Featured Function Operation
Save Money and Speed with FP8 Models
- Chitu supports FP8 format models, which use fewer GPUs and are faster than BF16.
- Operation: Add at startup
infer.soft_fp8=True
If the model is in FP8 format, make sure that the model is in FP8 format. For example:torchrun --nproc_per_node 1 chitu/serve.py \ serve.port=21002 \ models=DeepSeek-R1 \\ models.ckpt_dir=/data/DeepSeek-R1 \ infer.soft_fp8=True
Accelerated with CUDA Graph
- Single requests can be accelerated with CUDA Graph, with the addition of the parameter
infer.use_cuda_graph=True
The - Test effect: run a single inference and compare the difference in speed with and without the addition.
performance testing
- Chitu comes with benchmarking tools to measure throughput and latency:
python benchmarks/benchmark_serving.py \ --model "deepseek-r1" \bordeaux --iterations 10 \ --seq-len 10 \ ---base-url http://localhost:21002
- The result will show the number of processed per second token numbers to help you optimize your allocation.
caveat
- If you use multiple nodes, the network has to be stable or it will drop.
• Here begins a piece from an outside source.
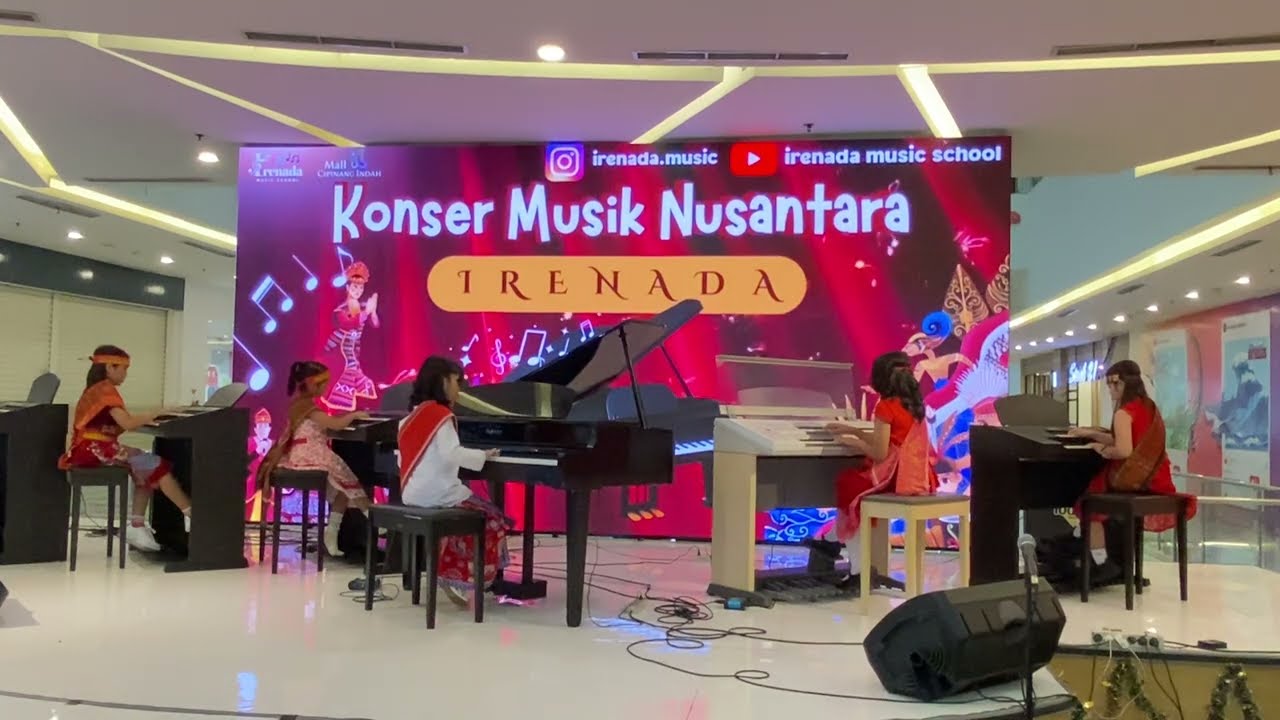 Anakkon Ki - Group Electone - KONSER MUSIK NUSANTARA by Irenada Music School 2025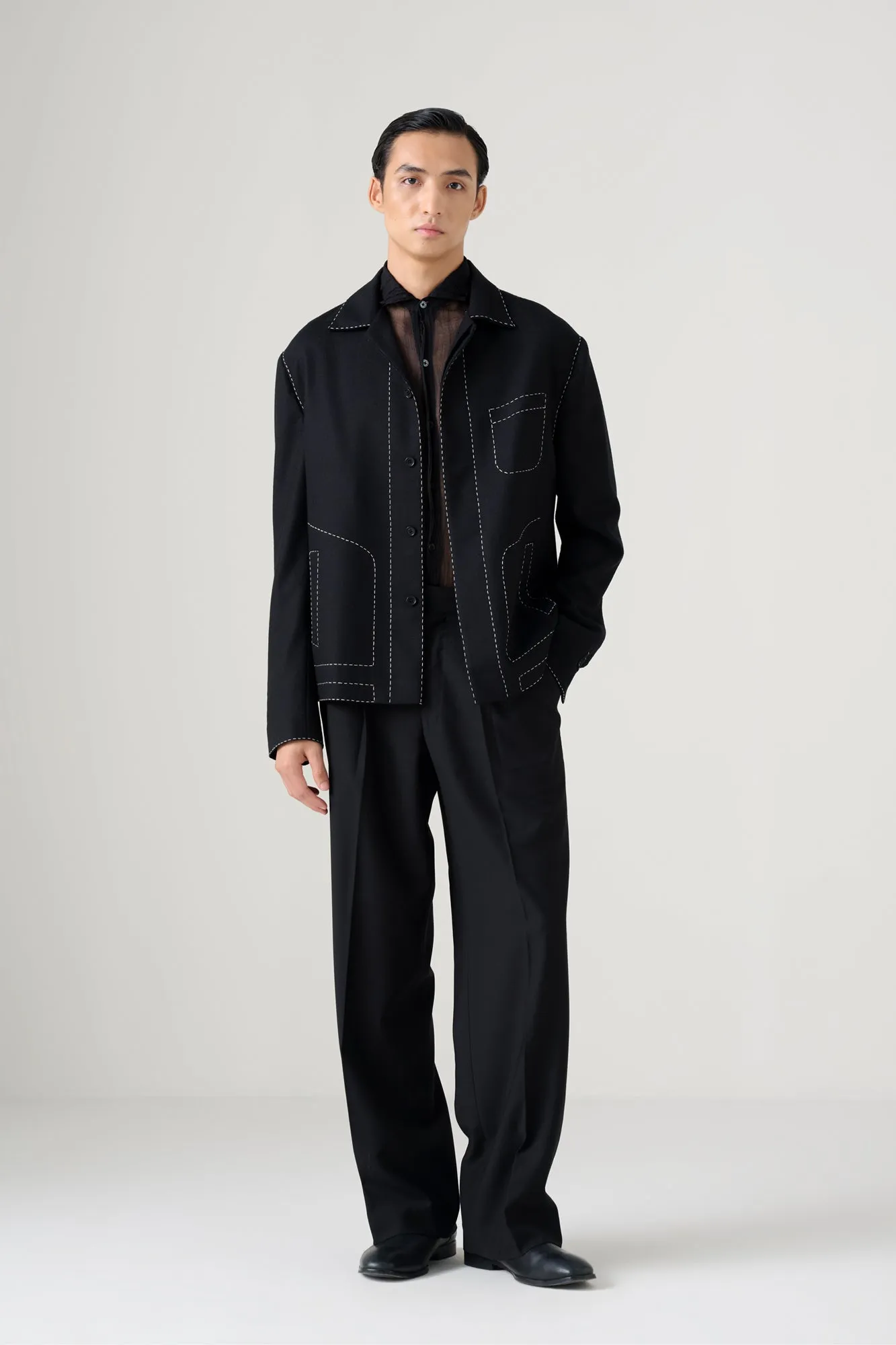 AMICHI-TROUSER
- GPU may report OOM error if not enough memory, lower the value.
infer.max_seq_len
or with fewer nodes. - Domestic chip support is still in the process of optimization, may need to change the code to adapt.
Chitu is not difficult to use, just follow the steps and you'll be up and running. Its documentation and community are also on GitHub, so you can raise an issue if you have questions.